My father, who apparently was not used to such candour from a seven year old, nearly choked on his coffee. Louise blushed and pulled more frantically at the tablecloth.
We had meatloaf that night, which was never my favourite dish, but since then I have liked it even less. Finnie, however, looked as though he had never eaten meatloaf before and he ate it with such obvious relish that you would have thought it was lobster and caviar instead of ground beef and ketchup.
This impressed my mother immensely. She was not used to people enjoying her meatloaf. “Would you like more, Finnie?” she asked him after he had wolfed down the contents of his plate.
“I sure would, Mrs. Woodward.”
“No thanks,” my father and I said. Louise said nothing. She wasn’t really expected to answer. My mother piled Finnie’s plate high with a block of ground beef. My father was pleased; the more meatloaf Finnie ate, the less would wind up in his lunch box. Although he never complained, my father didn’t like it when he had to eat the same meal at work as he’d eaten for supper that night.
“Did you boys have a good day at school today?” my father asked us.
“Peter Bartram threw up at recess,” I said.

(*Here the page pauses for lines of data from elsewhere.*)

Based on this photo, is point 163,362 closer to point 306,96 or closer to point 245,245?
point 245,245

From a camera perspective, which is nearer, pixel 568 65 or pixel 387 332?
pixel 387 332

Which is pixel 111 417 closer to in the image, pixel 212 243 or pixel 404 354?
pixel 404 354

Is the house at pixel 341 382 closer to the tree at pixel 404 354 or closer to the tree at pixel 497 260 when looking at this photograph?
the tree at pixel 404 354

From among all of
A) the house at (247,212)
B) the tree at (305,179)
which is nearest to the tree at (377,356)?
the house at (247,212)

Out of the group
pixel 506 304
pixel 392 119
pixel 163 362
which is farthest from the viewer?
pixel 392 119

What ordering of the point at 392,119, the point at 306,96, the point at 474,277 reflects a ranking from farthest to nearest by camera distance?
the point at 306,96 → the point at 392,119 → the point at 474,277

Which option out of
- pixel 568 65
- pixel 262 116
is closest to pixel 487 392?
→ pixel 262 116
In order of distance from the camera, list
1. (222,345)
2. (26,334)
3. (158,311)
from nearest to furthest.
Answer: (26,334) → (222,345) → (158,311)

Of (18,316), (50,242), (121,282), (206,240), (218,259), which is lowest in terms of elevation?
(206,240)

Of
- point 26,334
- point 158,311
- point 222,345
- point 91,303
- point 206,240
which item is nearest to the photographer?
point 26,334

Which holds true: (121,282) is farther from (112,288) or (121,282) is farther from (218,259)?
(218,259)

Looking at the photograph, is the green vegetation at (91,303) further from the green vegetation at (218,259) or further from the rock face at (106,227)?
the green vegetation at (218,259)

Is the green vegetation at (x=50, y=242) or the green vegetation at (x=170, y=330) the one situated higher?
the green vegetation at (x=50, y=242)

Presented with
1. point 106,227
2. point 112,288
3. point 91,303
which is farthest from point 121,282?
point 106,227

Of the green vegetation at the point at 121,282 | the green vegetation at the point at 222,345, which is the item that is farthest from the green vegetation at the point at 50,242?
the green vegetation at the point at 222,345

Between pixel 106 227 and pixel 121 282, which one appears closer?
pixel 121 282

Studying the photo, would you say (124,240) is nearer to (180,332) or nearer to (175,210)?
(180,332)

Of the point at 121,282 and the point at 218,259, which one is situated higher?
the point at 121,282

“Has he caught something?” My mother always wanted to know if there was a flu going around.
“No,” Finnie said. “Jenny Carlysle kicked him in the balls.”
“Peter Bartram is an ass,” Louise said.
“Louise!” my mother said, horrified.
We were all shocked. I was shocked that Finnie had gotten away with saying “balls” at the supper table; my parents were shocked that Louise had spoken in front of a non-family member.

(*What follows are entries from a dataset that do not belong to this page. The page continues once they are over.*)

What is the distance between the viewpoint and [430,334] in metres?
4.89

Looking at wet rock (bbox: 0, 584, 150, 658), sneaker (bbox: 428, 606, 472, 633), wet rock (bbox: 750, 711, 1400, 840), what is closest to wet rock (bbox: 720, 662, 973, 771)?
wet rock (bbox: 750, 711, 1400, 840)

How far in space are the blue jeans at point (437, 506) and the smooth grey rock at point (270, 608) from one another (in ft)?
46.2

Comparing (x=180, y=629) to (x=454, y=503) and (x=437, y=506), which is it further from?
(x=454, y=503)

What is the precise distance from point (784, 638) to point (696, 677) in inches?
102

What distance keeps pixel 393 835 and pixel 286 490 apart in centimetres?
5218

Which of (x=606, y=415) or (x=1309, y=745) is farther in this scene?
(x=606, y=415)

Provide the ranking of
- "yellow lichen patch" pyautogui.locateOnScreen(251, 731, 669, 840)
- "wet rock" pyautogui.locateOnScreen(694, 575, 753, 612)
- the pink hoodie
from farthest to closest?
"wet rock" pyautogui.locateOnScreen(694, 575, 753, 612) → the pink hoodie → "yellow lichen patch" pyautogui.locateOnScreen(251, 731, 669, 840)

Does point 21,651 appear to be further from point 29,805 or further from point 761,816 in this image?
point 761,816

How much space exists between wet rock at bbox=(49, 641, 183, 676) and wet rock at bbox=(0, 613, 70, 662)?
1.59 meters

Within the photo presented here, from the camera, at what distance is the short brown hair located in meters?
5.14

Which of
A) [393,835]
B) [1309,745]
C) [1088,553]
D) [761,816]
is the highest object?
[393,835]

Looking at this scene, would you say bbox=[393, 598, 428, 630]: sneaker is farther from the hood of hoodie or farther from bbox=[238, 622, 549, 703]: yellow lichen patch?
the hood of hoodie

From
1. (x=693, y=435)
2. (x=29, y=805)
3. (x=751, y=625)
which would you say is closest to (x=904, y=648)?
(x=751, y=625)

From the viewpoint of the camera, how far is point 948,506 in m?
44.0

“She’s right, Mrs. Woodward. Peter Bartram is an ass. He beats up kids way smaller than him and he put a firecracker under a dog’s collar and lit it.”

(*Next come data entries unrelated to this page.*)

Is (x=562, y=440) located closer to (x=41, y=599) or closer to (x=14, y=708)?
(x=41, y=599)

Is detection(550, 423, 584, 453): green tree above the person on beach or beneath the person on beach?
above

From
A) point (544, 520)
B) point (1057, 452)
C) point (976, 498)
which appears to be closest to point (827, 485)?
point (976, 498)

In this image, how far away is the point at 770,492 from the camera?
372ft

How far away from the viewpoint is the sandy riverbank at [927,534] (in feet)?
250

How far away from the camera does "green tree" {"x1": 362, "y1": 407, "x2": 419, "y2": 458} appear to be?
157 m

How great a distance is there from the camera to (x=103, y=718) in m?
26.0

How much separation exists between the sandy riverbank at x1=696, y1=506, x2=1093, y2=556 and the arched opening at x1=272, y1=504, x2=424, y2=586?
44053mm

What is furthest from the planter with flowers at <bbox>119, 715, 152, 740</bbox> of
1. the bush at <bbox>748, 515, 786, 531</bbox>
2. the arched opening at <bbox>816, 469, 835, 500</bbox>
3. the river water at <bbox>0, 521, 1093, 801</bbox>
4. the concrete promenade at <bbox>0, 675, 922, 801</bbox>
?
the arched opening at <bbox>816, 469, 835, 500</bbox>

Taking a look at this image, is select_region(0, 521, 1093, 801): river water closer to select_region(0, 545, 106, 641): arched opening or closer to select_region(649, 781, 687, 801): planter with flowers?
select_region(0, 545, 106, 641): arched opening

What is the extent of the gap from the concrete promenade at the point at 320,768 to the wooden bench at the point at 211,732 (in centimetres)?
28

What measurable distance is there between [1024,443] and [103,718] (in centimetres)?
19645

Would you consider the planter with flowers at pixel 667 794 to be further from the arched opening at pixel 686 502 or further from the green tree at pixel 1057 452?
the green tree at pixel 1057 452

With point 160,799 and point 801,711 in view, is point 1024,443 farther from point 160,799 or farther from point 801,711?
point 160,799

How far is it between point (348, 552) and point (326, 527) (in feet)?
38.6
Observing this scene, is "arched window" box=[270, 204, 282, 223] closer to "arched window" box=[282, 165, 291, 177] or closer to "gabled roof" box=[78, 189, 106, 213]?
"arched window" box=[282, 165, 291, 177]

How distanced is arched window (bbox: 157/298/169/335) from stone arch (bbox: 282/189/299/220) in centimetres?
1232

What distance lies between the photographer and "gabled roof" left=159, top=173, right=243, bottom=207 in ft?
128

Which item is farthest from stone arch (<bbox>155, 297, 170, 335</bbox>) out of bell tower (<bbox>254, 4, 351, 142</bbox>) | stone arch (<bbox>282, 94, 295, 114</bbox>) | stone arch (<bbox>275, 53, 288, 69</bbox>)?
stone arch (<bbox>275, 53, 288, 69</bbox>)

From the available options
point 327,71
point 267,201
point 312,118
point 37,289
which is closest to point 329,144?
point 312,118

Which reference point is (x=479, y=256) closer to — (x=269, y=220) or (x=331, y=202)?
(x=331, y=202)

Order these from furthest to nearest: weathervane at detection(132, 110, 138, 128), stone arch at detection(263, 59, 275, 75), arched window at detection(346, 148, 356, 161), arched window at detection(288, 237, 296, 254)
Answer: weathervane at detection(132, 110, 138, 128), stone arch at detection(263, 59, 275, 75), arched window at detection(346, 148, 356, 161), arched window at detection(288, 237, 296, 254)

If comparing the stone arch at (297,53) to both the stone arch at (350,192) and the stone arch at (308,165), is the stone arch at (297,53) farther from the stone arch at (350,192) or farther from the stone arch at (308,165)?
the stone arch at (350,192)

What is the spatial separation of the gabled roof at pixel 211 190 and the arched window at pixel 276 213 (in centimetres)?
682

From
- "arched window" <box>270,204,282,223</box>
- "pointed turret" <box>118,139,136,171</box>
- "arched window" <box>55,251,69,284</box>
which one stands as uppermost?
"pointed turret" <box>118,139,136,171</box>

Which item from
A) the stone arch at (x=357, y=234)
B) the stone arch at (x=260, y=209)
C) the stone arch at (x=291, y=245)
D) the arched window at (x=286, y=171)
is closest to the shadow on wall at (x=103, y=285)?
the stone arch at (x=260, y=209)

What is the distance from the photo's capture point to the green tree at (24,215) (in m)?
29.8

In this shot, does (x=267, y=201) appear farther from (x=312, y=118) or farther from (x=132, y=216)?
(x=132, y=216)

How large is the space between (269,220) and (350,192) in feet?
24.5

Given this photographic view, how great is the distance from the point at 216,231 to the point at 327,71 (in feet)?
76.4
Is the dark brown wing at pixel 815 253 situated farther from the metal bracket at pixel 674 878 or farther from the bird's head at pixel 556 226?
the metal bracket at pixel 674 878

“He did what?” my father asked.
“He put a firecracker under a dog’s collar and lit it!”
“Was the dog hurt?” My mother looked like she was going to cry.
“Not physically,” Finnie said. “But I don’t think it’s quite right anymore.”
“Why did Jenny kick him?”
“It was her brother’s dog,” I said.
“If it were my dog, I’d have done worse,” my father said.
“If it were my dog, I’d have put a firecracker in Peter’s pants,” Finnie said.
“I’d have put a nuclear bomb in Peter’s pants,” my father said.
Finnie and my father laughed. He appeared to have forgotten who Finnie’s father was. The two of them were talking like they were old friends. Even after my mother cleared away the dishes, they made no move to leave the table. Finally my father looked at the clock and stood up. “Well, I suppose it’s about that time.” That was what he said whenever he had to go to work.
“What time?” Finnie asked.
“Time to go to work,” I said.
“Now?” Finnie apparently did not know that people worked at night.
My mother handed my father his lunch box and he left.
Later, as Finnie was leaving, he thanked me for having him over. “A lot of people don’t like me because of my dad.”
“Why?” I didn’t see why that should have anything to do with it.
“I don’t know,” Finnie said. “Your dad is nice. He looks awfully tired, though.” Finnie stepped out the door and got on his bike. He smiled and rode up the street toward his house.
I closed the door and thought about what he’d said. My father definitely was nice. He often looked tired too, that was true, but that evening he’d looked especially tired.